*About this task*
In the data below, begin at the line with "103 Yacht Club" and stop after the line with "CPM Militaria Sainte"; output those lines exactly and no pictures.

*Record excerpts*
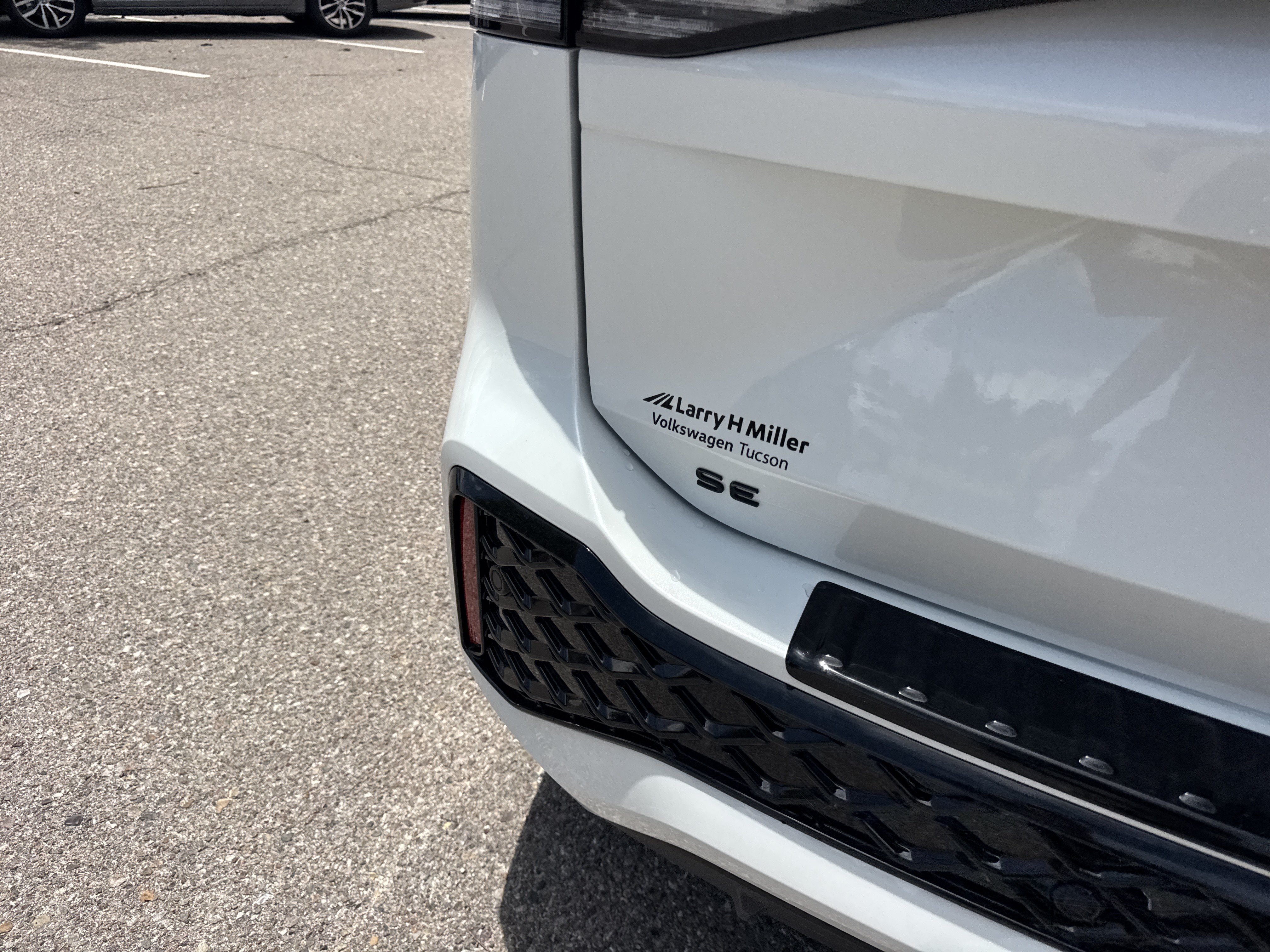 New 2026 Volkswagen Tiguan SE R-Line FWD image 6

* * *

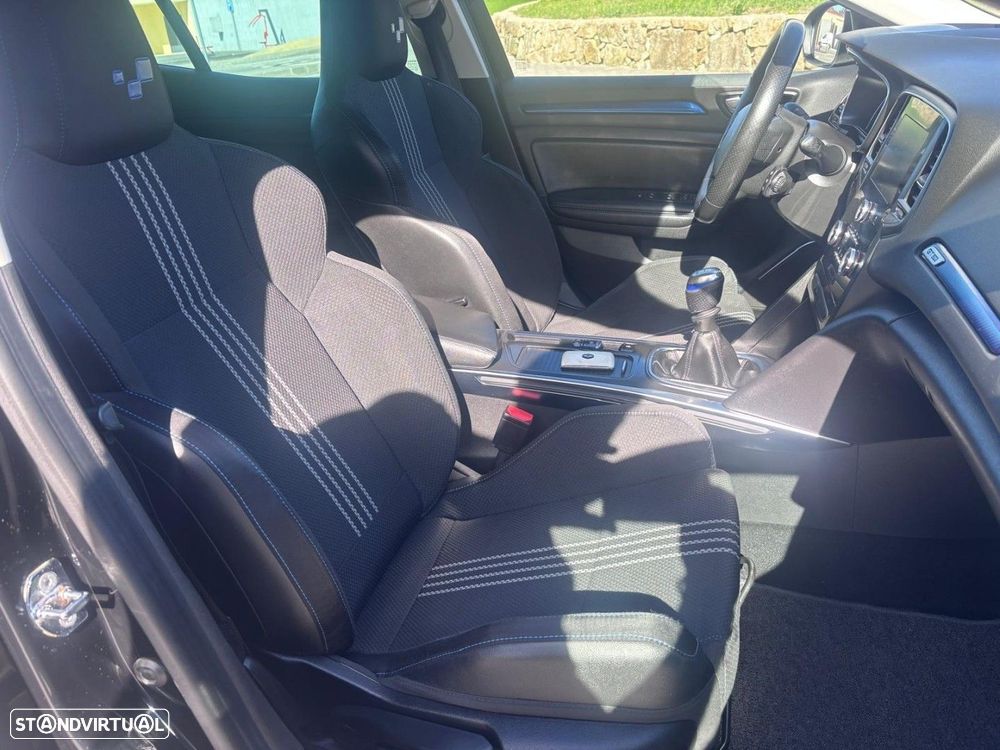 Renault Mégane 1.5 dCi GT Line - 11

...

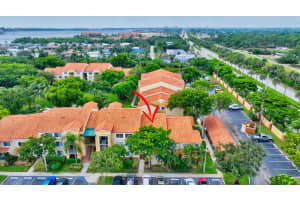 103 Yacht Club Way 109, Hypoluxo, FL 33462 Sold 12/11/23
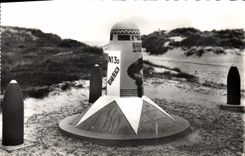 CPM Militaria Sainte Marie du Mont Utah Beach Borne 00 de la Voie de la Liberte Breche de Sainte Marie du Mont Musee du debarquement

*Answer box*
 103 Yacht Club Way 109, Hypoluxo, FL 33462 Sold 12/11/23
 CPM Militaria Sainte Marie du Mont Utah Beach Borne 00 de la Voie de la Liberte Breche de Sainte Marie du Mont Musee du debarquement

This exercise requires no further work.